Mapa con la ruta aproximada

Mapa con la ruta aproximada

Su proximidad y su caprichosa localización generan más que interrogantes; no somos nosotros quien para despejarlos y preferimos limitar nuestra ambición a abrir vía e unir a pierna los dos primeros: el castro de las Merchanas y el de Bermellar. El último, casualmente, distante  kilómetro escaso, línea recta trazada, del castro del castillo o de Saldeana, imponente sobre una inmensa  roca en la orilla opuesta del más que respetable, y aparentemente infranqueable Huebra.

Las arribes del Huebra en la zona

Las arribes del Huebra en la zona

Avanzando cerca de Lumbrales

Avanzando cerca de Lumbrales

Los antiguos pobladores de las Merchanas, a orillas del Camaces, acabaron romanizados como la puerta sur y un alto muro en el interior dejan bien claro, una gran parte del Castro ha sido acondicionado, no así su cara norte y necrópolis extramuros.  Dejando al sur el castro, todo un monte de roble, encina y mata dificultan el avance hacia Bermellar, no hay sendas claras y el monte está sembrado de muretes que ralentizan  el paso. El Camaces, referencia clara, hermoso esta época del año, serpentea en la dirección correcta pero acaba por encajarse obligando a abandonar su linde.  Más de una hora cuesta alcanzar un buen claro que permita planificar con perspectiva;  dejando a izquierdas el Camaces aparece el arroyo llamado Vallitorredondo el cual cruza el camino vecinal que nos saca del lío. Todo es sencillo desde este punto, cruzar  el arroyo y ascender, ya no hay grandes dificultades y Bermellar está cerca, no tanto su castro, en el corazón del Huebra.  Hay que pasar al lado de un manantial y ascender durante unos 20 minutos para finalmente alcanzar el pueblo; un buen sitio para reponer fuerzas y, en nuestro caso, esperar a que el tiempo amaine. El castro de Bermellar hay que buscarlo al este del pueblo,  tras cubrir por  carretera más de quinientos metros una  pista  asciende y se aproxima al Huebra, primero se pasa la escombrera del pueblo, después la cosa mejora,  hay que elegir en dos cruces, primero izquierdas y después de frente. Lo realmente bonito es que no hay camino que te saque al castro, este se acaba y llega a una puerta ganadera: una vaguada de monte bajo,  un pequeño robledal y unos prados distan del paraje.  Cuando logramos el objetivo estamos suspendidos sobre el Huebra y sus impresionantes arribes, sobre un monte y frente a Saldeana y su castro uno de cuyos muros se distingue en la distancia.
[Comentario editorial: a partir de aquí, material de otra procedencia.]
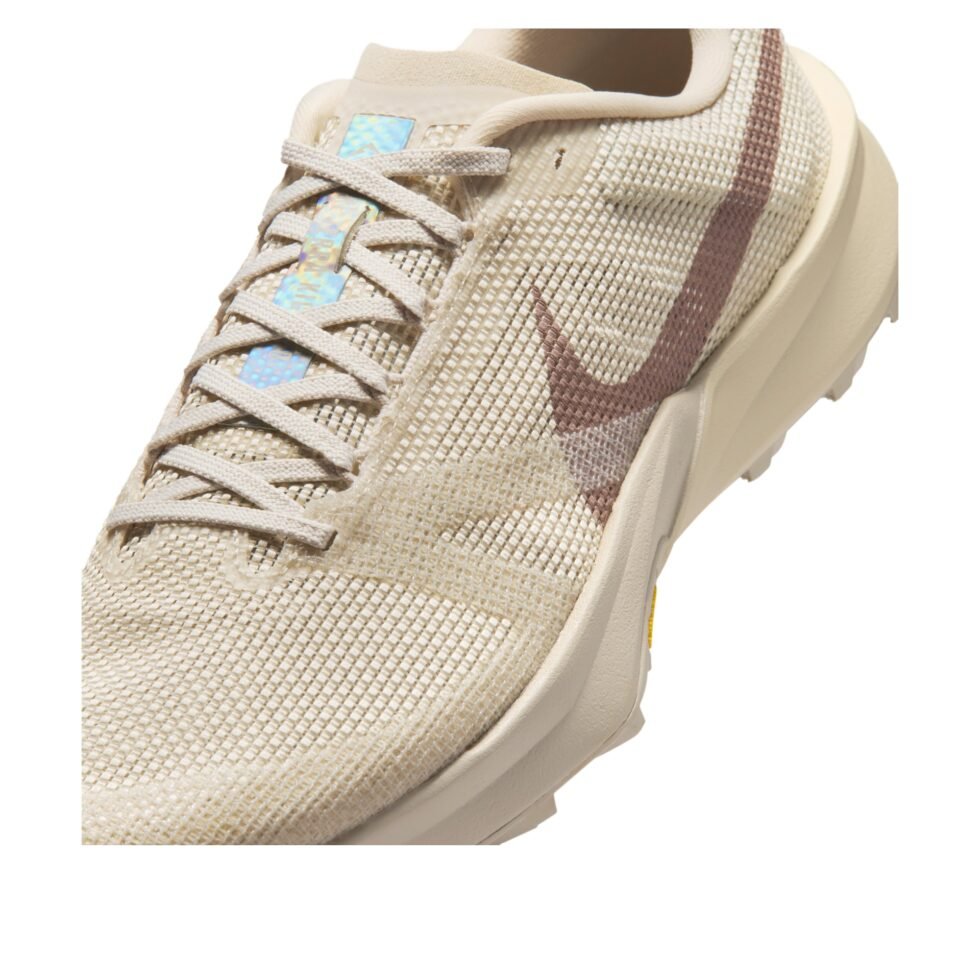 Nike Kiger 10 'Light Orewood Brown' FV3929-105 - Image 6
El castro en sí apenas parece escavado, gruesos muros de piedra, parcialmente derrumbados defienden del asalto el flanco vulnerable con dos pequeñas estancias previas de origen no tan claro y un torreón; puede distinguirse la planta de algún recinto y se intuye un pequeño campo  de piedras hincadas.
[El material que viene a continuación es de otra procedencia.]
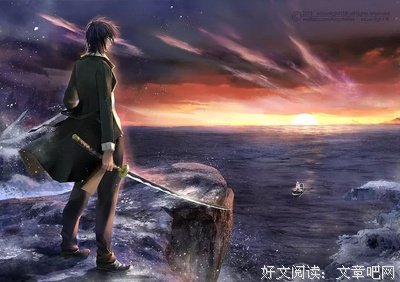 界界的句子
Muralla del Castro Bermellar

Muralla del Castro Bermellar

Si este pequeño asentamiento era una guarnición de Saldeana o servía para mantener el contacto con las Merchanas no lo sabemos. Nos preguntamos cómo cruzarían el Huebra; el cañón es abrupto e impresionante, parece infranqueable, al menos con carga, el paso más cercano (el puente de la carretera) dista kilómetros y no estaría directamente controlado, el interrogante es claro: ¿Queda algún asentamiento en la zona todavía oculto? ¿Hay algún puente o paso primitivo intermedio?  ¿Eran los Vetones capaces de alguna infraestructura (puente colgante) capaz de franquear en algún punto semejante cañón?.  Quizá sean eso, especulaciones.